Please add --verbose to get more detailed log.

Hi, I replaced the original nn.Layernorm block by nn.BatchNormalization block. Now my new network onnx file is : According to the docucment: "https://github.com/NVIDIA/Deep-Learning-Accelerator-SW/tree/main/operators", BatchNormalizaion operator is supported native by Nvidia DLA, but when I try to generate engine file from the onnx file, I still failed. The end part of log is here:

[05/15/2024-20:44:50] [V] [TRT] Layer: MaxPool_5 Host Persistent: 1408 Device Persistent: 0 Scratch Memory: 0
[05/15/2024-20:44:50] [V] [TRT] Layer: Gemm_12 Host Persistent: 6752 Device Persistent: 0 Scratch Memory: 0
[05/15/2024-20:44:50] [V] [TRT] Layer: Gemm_13 || Gemm_14 Host Persistent: 5664 Device Persistent: 0 Scratch Memory: 0
[05/15/2024-20:44:50] [V] [TRT] Layer: Gemm_15 Host Persistent: 6752 Device Persistent: 0 Scratch Memory: 0
[05/15/2024-20:44:50] [V] [TRT] Layer: PWN(onnx::Div_41 + (Unnamed Layer* 33) [Shuffle], Div_17) Host Persistent: 244 Device Persistent: 0 Scratch Memory: 0
[05/15/2024-20:44:50] [V] [TRT] Layer: Gemm_19 Host Persistent: 6048 Device Persistent: 0 Scratch Memory: 0
[05/15/2024-20:44:50] [V] [TRT] Layer: Gemm_20 Host Persistent: 6048 Device Persistent: 0 Scratch Memory: 0
[05/15/2024-20:44:50] [V] [TRT] Layer: Gemm_21 Host Persistent: 6048 Device Persistent: 0 Scratch Memory: 0
[05/15/2024-20:44:50] [V] [TRT] Skipped printing memory information for 22 layers with 0 memory size i.e. Host Persistent + Device Persistent + Scratch Memory == 0.

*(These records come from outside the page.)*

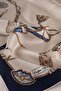 Call Icon Pattern Tivil Silk Scarf 14001-8 - 2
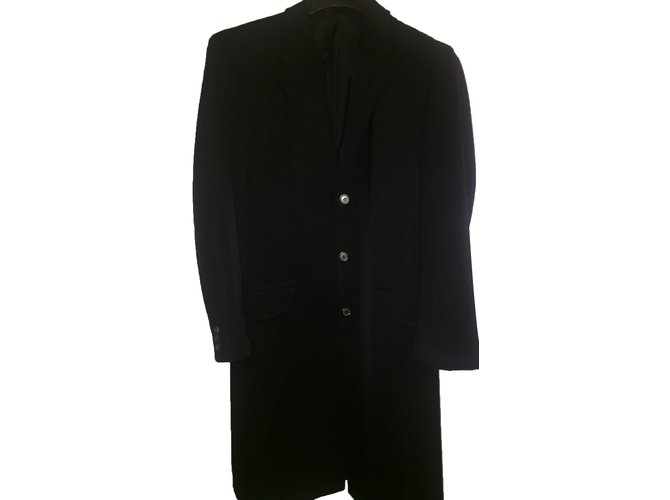 Hugo Boss ARIAN Black Cotton Polyester Wool Viscose Acetate  ref.51285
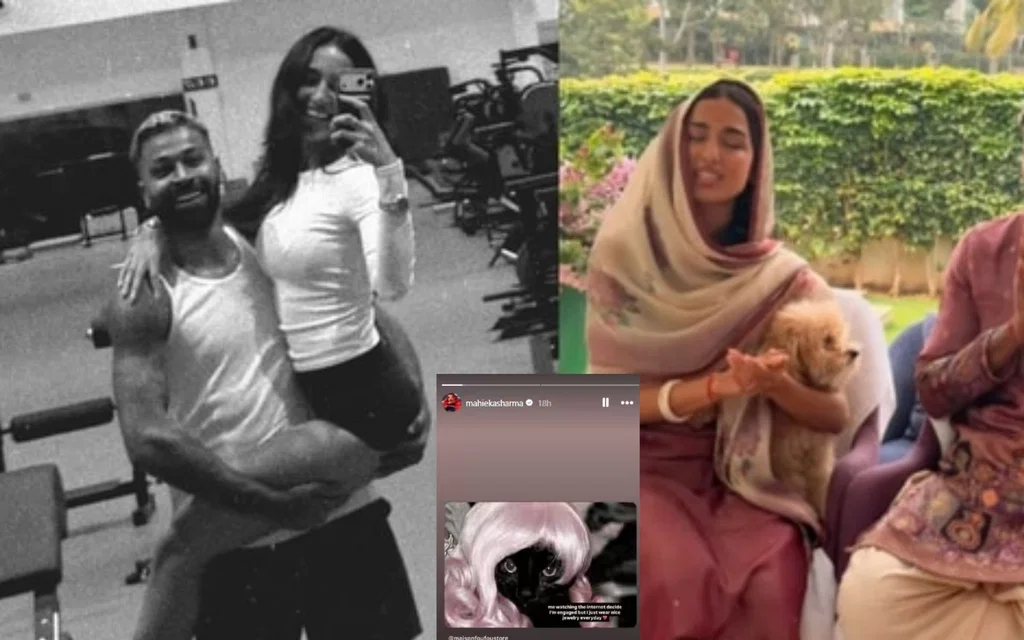 Hardik Pandya with his girlfriend [Source: Hardik Pandya's Instagram channel]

[05/15/2024-20:44:50] [I] [TRT] Total Host Persistent Memory: 45280
[05/15/2024-20:44:50] [I] [TRT] Total Device Persistent Memory: 0
[05/15/2024-20:44:50] [I] [TRT] Total Scratch Memory: 0
[05/15/2024-20:44:50] [I] [TRT] [MemUsageStats] Peak memory usage of TRT CPU/GPU memory allocators: CPU 0 MiB, GPU 132 MiB
[05/15/2024-20:44:50] [I] [TRT] [BlockAssignment] Started assigning block shifts. This will take 29 steps to complete.

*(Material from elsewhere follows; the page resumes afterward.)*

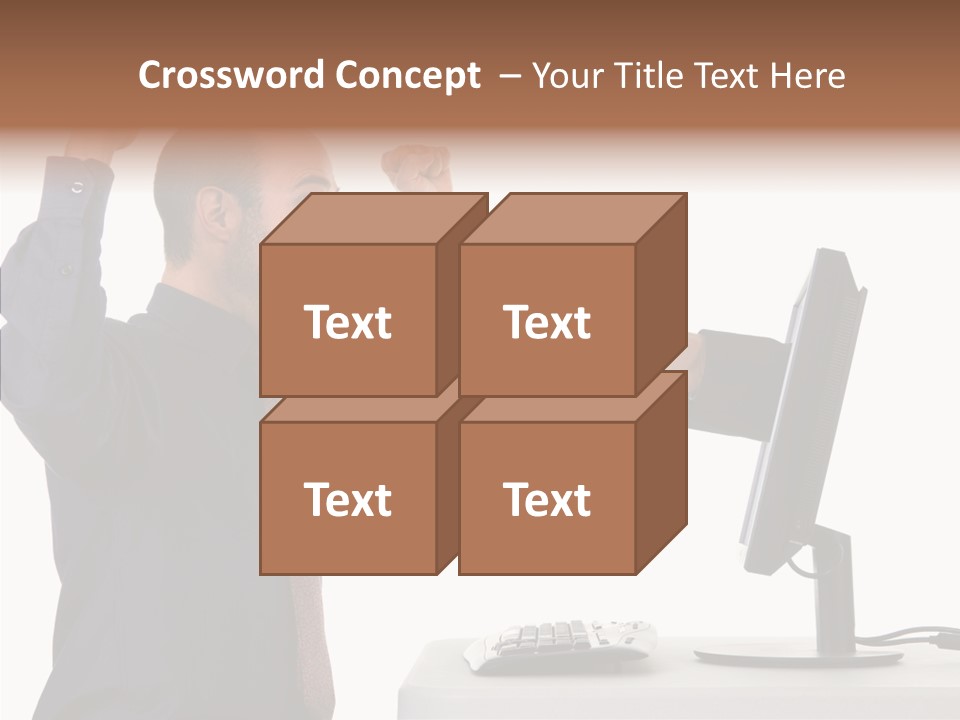 Assistance Caregiver Close Up PowerPoint Template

[05/15/2024-20:44:50] [I] [TRT] [BlockAssignment] Algorithm ShiftNTopDown took 0.337024ms to assign 7 blocks to 29 nodes requiring 126464 bytes.
[05/15/2024-20:44:50] [V] [TRT] Total number of blocks in optimized block assignment: 7
[05/15/2024-20:44:50] [I] [TRT] Total Activation Memory: 126464
[05/15/2024-20:44:50] [V] [TRT] Finalize: MatMul_0 Set kernel index: 0
[05/15/2024-20:44:50] [V] [TRT] Finalize: MaxPool_5 Set kernel index: 1
[05/15/2024-20:44:50] [V] [TRT] Finalize: Gemm_12 Set kernel index: 2
[05/15/2024-20:44:50] [V] [TRT] Finalize: Gemm_13 || Gemm_14 Set kernel index: 3
[05/15/2024-20:44:50] [V] [TRT] Finalize: Gemm_15 Set kernel index: 2
[05/15/2024-20:44:50] [V] [TRT] Finalize: PWN(onnx::Div_41 + (Unnamed Layer* 33) [Shuffle], Div_17) Set kernel index: 4
[05/15/2024-20:44:50] [V] [TRT] Finalize: Gemm_19 Set kernel index: 5
[05/15/2024-20:44:50] [V] [TRT] Finalize: Gemm_20 Set kernel index: 6
[05/15/2024-20:44:50] [V] [TRT] Finalize: Gemm_21 Set kernel index: 6
[05/15/2024-20:44:50] [V] [TRT] Total number of generated kernels selected for the engine: 7
[05/15/2024-20:44:50] [V] [TRT] Kernel: 0 CASK_STATIC
[05/15/2024-20:44:50] [V] [TRT] Kernel: 1 CASK_STATIC
[05/15/2024-20:44:50] [V] [TRT] Kernel: 2 CASK_STATIC
[05/15/2024-20:44:50] [V] [TRT] Kernel: 3 CASK_STATIC
[05/15/2024-20:44:50] [V] [TRT] Kernel: 4 TRT_SERIALIZABLE:generatedNativePointwise
[05/15/2024-20:44:50] [V] [TRT] Kernel: 5 CASK_STATIC
[05/15/2024-20:44:50] [V] [TRT] Kernel: 6 CASK_STATIC
[05/15/2024-20:44:50] [V] [TRT] Disabling unused tactic source: CUDNN
[05/15/2024-20:44:50] [V] [TRT] Disabling unused tactic source: CUBLAS, CUBLAS_LT
[05/15/2024-20:44:50] [V] [TRT] Disabling unused tactic source: EDGE_MASK_CONVOLUTIONS
[05/15/2024-20:44:50] [V] [TRT] Disabling unused tactic source: JIT_CONVOLUTIONS
[05/15/2024-20:44:50] [V] [TRT] Engine generation completed in 10.7422 seconds.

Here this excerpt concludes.